→ **PROBLEM**: Give back the material word for word, every line included.

───── GIVEN RECORDS

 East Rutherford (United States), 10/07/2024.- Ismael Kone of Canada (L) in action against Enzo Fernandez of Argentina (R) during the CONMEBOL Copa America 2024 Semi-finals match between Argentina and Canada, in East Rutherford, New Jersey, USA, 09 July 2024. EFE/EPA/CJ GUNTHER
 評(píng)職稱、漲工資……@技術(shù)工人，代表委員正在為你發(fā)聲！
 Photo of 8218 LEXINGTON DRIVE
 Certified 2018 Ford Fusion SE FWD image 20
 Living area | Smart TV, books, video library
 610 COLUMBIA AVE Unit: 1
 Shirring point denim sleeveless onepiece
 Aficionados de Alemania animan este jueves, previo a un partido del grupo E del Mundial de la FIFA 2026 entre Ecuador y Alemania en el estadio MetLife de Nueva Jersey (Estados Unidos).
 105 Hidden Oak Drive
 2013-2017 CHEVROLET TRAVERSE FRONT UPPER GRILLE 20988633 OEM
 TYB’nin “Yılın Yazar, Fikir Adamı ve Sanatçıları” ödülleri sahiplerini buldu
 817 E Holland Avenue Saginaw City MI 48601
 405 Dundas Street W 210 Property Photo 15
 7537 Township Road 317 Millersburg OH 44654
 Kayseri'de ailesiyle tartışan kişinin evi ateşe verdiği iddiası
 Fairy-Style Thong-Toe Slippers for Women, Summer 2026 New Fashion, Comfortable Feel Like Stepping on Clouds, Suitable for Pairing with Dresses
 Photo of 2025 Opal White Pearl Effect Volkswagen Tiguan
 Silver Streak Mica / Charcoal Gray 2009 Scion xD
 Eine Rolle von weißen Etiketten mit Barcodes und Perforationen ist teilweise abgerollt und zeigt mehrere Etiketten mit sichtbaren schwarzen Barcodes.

──────────

→ **ANSWER TO THIS PROBLEM**:
 East Rutherford (United States), 10/07/2024.- Ismael Kone of Canada (L) in action against Enzo Fernandez of Argentina (R) during the CONMEBOL Copa America 2024 Semi-finals match between Argentina and Canada, in East Rutherford, New Jersey, USA, 09 July 2024. EFE/EPA/CJ GUNTHER
 評(píng)職稱、漲工資……@技術(shù)工人，代表委員正在為你發(fā)聲！
 Photo of 8218 LEXINGTON DRIVE
 Certified 2018 Ford Fusion SE FWD image 20
 Living area | Smart TV, books, video library
 610 COLUMBIA AVE Unit: 1
 Shirring point denim sleeveless onepiece
 Aficionados de Alemania animan este jueves, previo a un partido del grupo E del Mundial de la FIFA 2026 entre Ecuador y Alemania en el estadio MetLife de Nueva Jersey (Estados Unidos).
 105 Hidden Oak Drive
 2013-2017 CHEVROLET TRAVERSE FRONT UPPER GRILLE 20988633 OEM
 TYB’nin “Yılın Yazar, Fikir Adamı ve Sanatçıları” ödülleri sahiplerini buldu
 817 E Holland Avenue Saginaw City MI 48601
 405 Dundas Street W 210 Property Photo 15
 7537 Township Road 317 Millersburg OH 44654
 Kayseri'de ailesiyle tartışan kişinin evi ateşe verdiği iddiası
 Fairy-Style Thong-Toe Slippers for Women, Summer 2026 New Fashion, Comfortable Feel Like Stepping on Clouds, Suitable for Pairing with Dresses
 Photo of 2025 Opal White Pearl Effect Volkswagen Tiguan
 Silver Streak Mica / Charcoal Gray 2009 Scion xD
 Eine Rolle von weißen Etiketten mit Barcodes und Perforationen ist teilweise abgerollt und zeigt mehrere Etiketten mit sichtbaren schwarzen Barcodes.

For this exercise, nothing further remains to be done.